Thursday, 27 March 2014

Flight MH 370: US law firm plans lawsuit against Boeing and Malaysian Airlines

Reuters has reported that US law firm Ribbeck law plans a lawsuit against Malaysian Airlines and Boeing over the accident of flight MH 370. The firm is representing the relatives one of the persons presumed dead. It plans to turn also against component manufacturers and possibly maintenance service providers.

The law firm, based on previous experience, assumes that the accident was caused by manufacturing or design defect of the aircraft involved, a Boeing 777-200, namely cockpit fire or loss of cabin pressure, which incapacitated the crew. Therefore, it has filed a petition for discovery against Boeing and Malaysian airlines to secure evidence.

The previous experience Ribbeck refers to is mainly the July 2011 accident of Egyptair flight MS667 from Cairo (Egypt) to Jeddah (Saydi Arabia), which also involved a Boeing 777-200 (a Boeing 777-266ER). The accident occurred on the ground before take-off and had no fatalities. The same law firm has also filed lawsuits against Boeing concerning the July 2013 accident of a Boeing 777-28EER of Asiana Airlines flight 214 from Seoul to San Francisco. However, preliminary findings evidence suggests that the latter accident was due to pilot error. 

From a legal view, suing both the aircraft operator and manufacturer is not that usual under the 1999 Montreal Convention (MC), an international convention that regulates airline passenger liability for accidents in international flights. The MC foresees two-tier liability in the event of passenger death or bodily injury, i.e. limited strict liability for claims up to 113.100 Special Drawing Rights (as adjusted in 2009, which amount to about  174.553 US$ or 126.726 €), and unlimited liability for presumed fault for claims above the said amount. Nevertheless, for States not having ratified the MC, the “Warsaw System” (WS) would be applicable,  a system of international law treaties based on the 1929 Warsaw Convention (WC), which is the predecessor of the MC. Under the Warsaw System the airline incurs limited liability for presumed fault (the limit depends on the version of the WC applicable, but in most States applicable is the WC in the form of the 1955 Hague Protocol, which sets the limit to the equivalent of 250.000 golden francs) and unlimited liability for higher claims, provided that the claimant proves at least gross negligence of the airline – a very onerous burden of proof.
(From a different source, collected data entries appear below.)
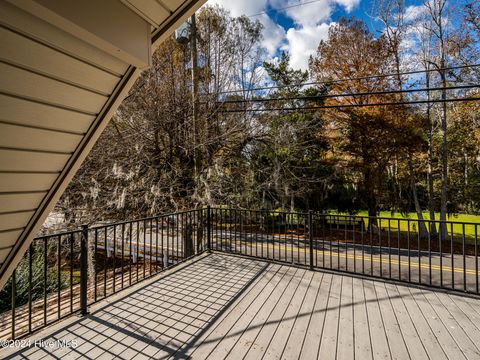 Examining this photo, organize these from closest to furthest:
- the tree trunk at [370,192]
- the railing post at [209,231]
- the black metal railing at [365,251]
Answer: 1. the black metal railing at [365,251]
2. the railing post at [209,231]
3. the tree trunk at [370,192]

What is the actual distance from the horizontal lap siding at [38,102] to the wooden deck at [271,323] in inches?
46.9

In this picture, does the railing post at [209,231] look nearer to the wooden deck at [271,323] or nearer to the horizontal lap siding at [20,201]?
the wooden deck at [271,323]

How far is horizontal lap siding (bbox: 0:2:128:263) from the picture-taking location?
955 mm

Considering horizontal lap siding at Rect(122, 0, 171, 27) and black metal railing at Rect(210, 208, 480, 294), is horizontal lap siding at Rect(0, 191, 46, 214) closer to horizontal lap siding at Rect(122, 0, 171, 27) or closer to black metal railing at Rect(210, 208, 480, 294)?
horizontal lap siding at Rect(122, 0, 171, 27)

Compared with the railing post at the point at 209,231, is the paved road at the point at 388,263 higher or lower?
lower

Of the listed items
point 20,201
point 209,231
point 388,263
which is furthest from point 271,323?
point 388,263

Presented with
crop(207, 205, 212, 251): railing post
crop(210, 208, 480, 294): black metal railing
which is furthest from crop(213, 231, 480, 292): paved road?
crop(207, 205, 212, 251): railing post

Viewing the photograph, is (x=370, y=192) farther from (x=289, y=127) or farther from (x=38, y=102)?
(x=38, y=102)

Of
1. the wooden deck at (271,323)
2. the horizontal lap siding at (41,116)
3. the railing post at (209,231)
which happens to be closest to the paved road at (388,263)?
the railing post at (209,231)

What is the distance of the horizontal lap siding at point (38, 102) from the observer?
0.96 metres

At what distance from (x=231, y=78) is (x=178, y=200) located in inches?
151

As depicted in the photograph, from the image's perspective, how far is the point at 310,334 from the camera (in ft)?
7.41

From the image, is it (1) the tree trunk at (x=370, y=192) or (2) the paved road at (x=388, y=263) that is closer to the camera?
(2) the paved road at (x=388, y=263)

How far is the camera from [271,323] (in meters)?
2.44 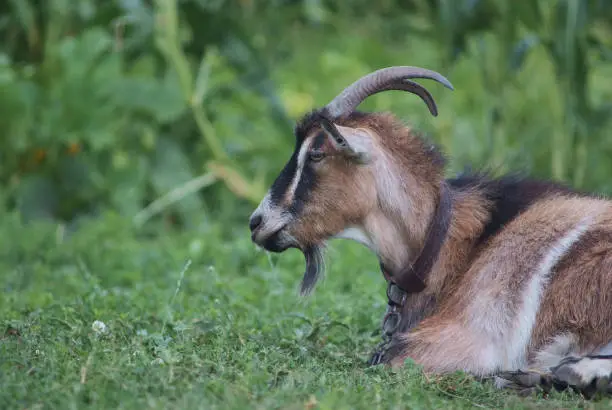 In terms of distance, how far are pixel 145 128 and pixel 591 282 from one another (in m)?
5.56

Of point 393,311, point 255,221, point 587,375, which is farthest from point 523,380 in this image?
point 255,221

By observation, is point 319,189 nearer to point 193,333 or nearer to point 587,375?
point 193,333

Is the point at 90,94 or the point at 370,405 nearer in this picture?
the point at 370,405

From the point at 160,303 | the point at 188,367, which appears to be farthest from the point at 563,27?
the point at 188,367

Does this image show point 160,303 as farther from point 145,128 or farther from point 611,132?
point 611,132

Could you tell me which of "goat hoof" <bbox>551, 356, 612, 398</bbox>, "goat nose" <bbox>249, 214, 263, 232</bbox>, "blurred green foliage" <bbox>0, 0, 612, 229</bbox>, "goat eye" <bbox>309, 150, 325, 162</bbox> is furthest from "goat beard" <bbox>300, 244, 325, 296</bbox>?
"blurred green foliage" <bbox>0, 0, 612, 229</bbox>

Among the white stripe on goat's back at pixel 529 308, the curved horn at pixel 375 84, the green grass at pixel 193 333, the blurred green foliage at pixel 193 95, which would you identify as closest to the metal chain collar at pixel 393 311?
the green grass at pixel 193 333

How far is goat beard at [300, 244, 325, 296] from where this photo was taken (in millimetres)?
5207

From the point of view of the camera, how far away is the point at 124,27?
30.7 ft

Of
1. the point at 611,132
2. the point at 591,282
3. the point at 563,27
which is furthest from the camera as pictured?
the point at 611,132

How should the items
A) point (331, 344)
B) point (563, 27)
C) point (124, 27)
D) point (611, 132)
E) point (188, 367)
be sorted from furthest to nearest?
1. point (611, 132)
2. point (124, 27)
3. point (563, 27)
4. point (331, 344)
5. point (188, 367)

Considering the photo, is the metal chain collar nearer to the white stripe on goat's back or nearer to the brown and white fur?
the brown and white fur

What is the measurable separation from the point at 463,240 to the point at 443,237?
0.10 meters

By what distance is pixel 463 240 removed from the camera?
16.9 ft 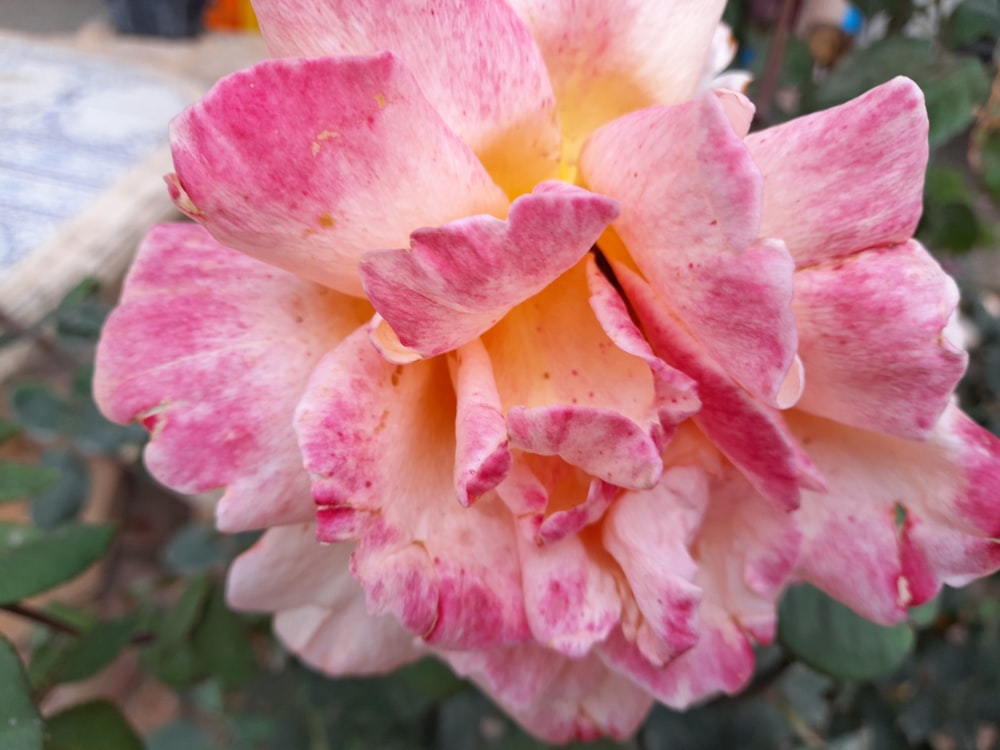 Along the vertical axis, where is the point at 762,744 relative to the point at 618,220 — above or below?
below

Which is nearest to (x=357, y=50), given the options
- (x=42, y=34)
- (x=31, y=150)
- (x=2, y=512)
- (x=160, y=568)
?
(x=31, y=150)

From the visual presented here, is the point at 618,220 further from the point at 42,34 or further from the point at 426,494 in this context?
the point at 42,34

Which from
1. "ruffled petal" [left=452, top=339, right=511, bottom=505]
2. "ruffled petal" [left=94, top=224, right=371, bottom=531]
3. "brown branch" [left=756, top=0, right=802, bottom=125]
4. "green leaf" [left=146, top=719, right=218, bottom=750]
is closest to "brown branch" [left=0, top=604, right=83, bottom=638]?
"ruffled petal" [left=94, top=224, right=371, bottom=531]

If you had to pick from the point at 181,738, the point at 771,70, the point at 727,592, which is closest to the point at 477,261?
the point at 727,592

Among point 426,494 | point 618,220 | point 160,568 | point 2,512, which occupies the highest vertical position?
point 618,220

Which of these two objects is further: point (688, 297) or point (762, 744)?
point (762, 744) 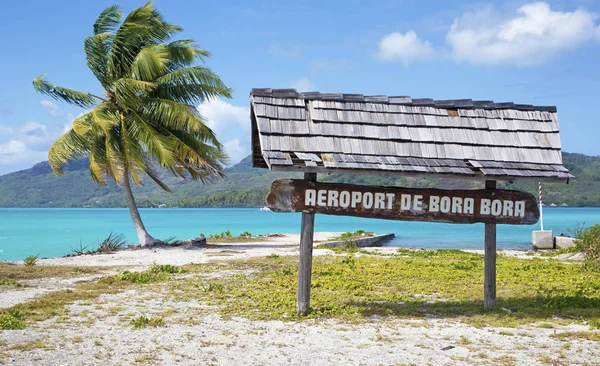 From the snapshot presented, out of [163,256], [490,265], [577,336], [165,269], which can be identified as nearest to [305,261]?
[490,265]

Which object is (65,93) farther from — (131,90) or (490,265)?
(490,265)

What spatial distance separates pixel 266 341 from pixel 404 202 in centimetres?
323

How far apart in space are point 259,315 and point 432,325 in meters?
2.75

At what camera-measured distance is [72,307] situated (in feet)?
33.9

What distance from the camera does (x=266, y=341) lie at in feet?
26.2

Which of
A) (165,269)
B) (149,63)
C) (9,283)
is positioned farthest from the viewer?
(149,63)

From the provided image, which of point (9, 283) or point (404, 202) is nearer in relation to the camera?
point (404, 202)

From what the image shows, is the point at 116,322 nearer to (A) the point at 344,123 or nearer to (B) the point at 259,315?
(B) the point at 259,315

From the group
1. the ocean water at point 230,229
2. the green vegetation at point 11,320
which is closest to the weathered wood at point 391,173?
the green vegetation at point 11,320

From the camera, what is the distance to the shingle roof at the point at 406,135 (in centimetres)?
926

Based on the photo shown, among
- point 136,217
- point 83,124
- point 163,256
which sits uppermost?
point 83,124

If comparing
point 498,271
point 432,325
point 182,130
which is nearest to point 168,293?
point 432,325

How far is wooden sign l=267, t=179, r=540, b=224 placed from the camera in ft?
31.0

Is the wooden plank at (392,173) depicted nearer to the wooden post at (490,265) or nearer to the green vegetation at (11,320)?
the wooden post at (490,265)
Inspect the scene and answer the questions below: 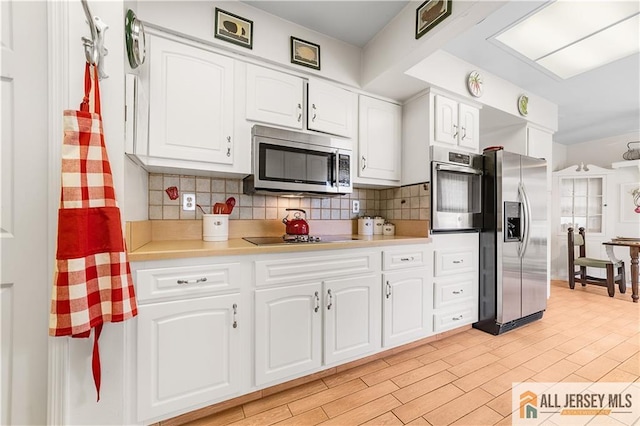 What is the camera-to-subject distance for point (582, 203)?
175 inches

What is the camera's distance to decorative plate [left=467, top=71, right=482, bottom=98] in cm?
226

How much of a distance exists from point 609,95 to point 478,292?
111 inches

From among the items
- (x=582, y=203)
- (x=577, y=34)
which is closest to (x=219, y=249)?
(x=577, y=34)

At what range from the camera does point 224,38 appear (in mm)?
1602

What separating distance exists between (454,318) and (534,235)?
1140 mm

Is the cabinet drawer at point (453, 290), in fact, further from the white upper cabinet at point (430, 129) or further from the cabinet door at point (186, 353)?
the cabinet door at point (186, 353)

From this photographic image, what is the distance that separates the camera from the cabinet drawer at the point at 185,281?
1.17 m

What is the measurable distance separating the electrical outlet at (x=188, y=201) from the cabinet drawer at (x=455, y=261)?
194 cm

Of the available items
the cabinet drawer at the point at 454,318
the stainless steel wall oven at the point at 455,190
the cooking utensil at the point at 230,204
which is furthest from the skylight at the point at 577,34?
the cooking utensil at the point at 230,204

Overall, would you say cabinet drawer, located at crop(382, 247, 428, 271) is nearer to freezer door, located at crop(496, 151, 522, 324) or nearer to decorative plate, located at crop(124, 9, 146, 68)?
freezer door, located at crop(496, 151, 522, 324)

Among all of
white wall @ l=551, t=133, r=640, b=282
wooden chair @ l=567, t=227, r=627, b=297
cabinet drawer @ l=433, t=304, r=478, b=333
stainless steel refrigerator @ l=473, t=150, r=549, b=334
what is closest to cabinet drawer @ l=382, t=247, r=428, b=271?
cabinet drawer @ l=433, t=304, r=478, b=333

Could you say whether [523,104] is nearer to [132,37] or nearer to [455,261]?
[455,261]

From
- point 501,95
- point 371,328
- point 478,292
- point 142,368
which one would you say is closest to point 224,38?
point 142,368

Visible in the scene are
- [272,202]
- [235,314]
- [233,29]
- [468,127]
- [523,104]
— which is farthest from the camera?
[523,104] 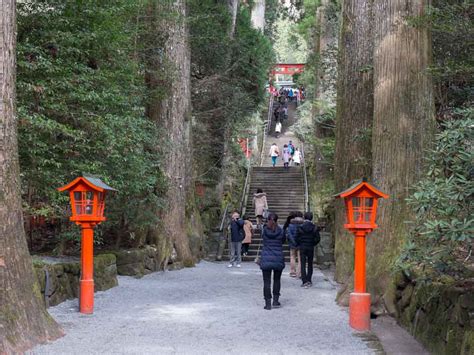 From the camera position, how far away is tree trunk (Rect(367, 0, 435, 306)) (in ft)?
29.8

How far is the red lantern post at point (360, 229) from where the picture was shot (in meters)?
8.07

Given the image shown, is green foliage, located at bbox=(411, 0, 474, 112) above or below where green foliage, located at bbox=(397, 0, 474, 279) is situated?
above

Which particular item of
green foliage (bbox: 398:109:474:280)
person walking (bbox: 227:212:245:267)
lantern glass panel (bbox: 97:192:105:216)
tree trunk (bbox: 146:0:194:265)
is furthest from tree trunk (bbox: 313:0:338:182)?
green foliage (bbox: 398:109:474:280)

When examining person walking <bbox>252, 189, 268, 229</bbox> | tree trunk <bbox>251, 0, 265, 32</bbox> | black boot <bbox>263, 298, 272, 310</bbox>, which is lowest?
black boot <bbox>263, 298, 272, 310</bbox>

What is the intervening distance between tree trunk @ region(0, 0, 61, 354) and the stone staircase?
15.3 m

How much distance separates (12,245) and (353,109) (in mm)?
7767

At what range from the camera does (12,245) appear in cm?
658

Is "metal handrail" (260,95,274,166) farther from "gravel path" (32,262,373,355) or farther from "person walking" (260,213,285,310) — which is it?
"person walking" (260,213,285,310)

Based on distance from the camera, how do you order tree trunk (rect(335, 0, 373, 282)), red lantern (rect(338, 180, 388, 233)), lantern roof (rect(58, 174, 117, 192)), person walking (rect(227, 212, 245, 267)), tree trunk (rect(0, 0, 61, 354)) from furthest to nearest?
person walking (rect(227, 212, 245, 267)), tree trunk (rect(335, 0, 373, 282)), lantern roof (rect(58, 174, 117, 192)), red lantern (rect(338, 180, 388, 233)), tree trunk (rect(0, 0, 61, 354))

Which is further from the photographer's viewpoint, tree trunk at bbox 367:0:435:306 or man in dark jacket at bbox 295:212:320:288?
man in dark jacket at bbox 295:212:320:288

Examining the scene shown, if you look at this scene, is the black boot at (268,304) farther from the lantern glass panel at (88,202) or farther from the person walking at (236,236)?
the person walking at (236,236)

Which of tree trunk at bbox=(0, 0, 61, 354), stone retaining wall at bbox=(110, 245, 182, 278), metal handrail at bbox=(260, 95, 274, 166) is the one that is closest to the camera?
tree trunk at bbox=(0, 0, 61, 354)

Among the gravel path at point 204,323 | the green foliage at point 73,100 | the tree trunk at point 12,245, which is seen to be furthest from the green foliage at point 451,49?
the tree trunk at point 12,245

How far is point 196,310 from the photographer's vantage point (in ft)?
31.1
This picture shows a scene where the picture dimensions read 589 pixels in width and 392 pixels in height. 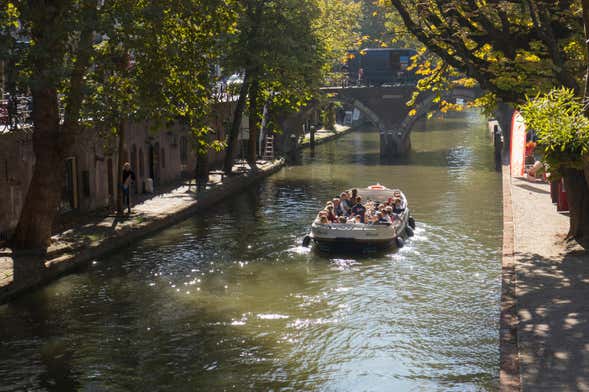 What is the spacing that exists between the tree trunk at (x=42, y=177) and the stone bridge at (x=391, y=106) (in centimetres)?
4225

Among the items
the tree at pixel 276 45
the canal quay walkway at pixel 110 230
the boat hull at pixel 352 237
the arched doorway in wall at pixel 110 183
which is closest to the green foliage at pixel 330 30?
the tree at pixel 276 45

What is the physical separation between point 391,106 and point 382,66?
6907 mm

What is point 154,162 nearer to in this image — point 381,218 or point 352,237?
point 381,218

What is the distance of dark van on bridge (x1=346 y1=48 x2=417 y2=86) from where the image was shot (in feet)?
238

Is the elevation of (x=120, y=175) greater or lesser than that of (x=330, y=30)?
lesser

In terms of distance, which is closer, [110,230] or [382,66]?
[110,230]

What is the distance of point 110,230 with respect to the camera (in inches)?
1206

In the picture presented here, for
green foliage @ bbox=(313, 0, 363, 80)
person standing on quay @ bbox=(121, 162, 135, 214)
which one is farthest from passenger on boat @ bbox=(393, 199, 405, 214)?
green foliage @ bbox=(313, 0, 363, 80)

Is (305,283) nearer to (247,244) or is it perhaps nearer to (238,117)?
(247,244)

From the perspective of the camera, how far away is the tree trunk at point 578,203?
2595cm

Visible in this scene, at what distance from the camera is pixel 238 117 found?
47.6 meters

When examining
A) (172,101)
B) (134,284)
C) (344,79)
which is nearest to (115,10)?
(172,101)

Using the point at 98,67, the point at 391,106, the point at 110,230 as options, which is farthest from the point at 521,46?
the point at 391,106

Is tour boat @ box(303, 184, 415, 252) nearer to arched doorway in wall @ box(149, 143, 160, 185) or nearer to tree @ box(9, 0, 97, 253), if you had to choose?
tree @ box(9, 0, 97, 253) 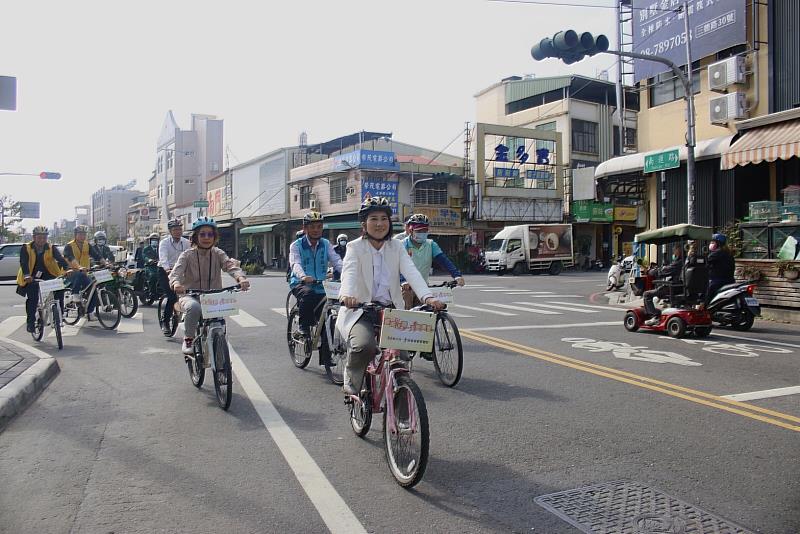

As a result, under the WS, claimants used to turn against the aircraft manufacturer, whose liability in most States, and especially in the US, is unlimited. The exact airline liability regime applicable depends on each passenger’s place of departure and place of final destination, as these are mentioned on his/her ticket  - nationality plays no role.

Another interesting feature is the claimants’ effort to establish jurisdiction of US courts over the accident – a very usual phenomenon owing to the high damages awarded in the US. Under the MC, US courts have jurisdiction over the airline, if the claimant has domicile in the US and the airline engages in commercial operations in the US (so called 5th jurisdiction – see Art. 33 MC). However, even in such cases US courts may deny jurisdiction based on the forum non conveniens doctrine, i.e. the whole case is connected by large to another State, whose courts would be more suited to hear the case. Thing for claimants are even more difficult under the WS, which foresees jurisdiction of the courts of the State of final destination, the State in which the air carrier has its domicile or its principal place of business and the State where the contract was concluded (Art. 28 WC). These problems on jurisdiction of US courts can be overcome if claimants sue Boeing, which is a US based corporation. Of course, the risk of forum non conveniens is not eliminated, but is significantly mitigated.

To the rest, Ribbeck’s announcement to initiate legal proceedings against the aircraft operator and its manufacturer, before even the wreckage is discovered, aims mainly at attracting victims’ relatives as clients.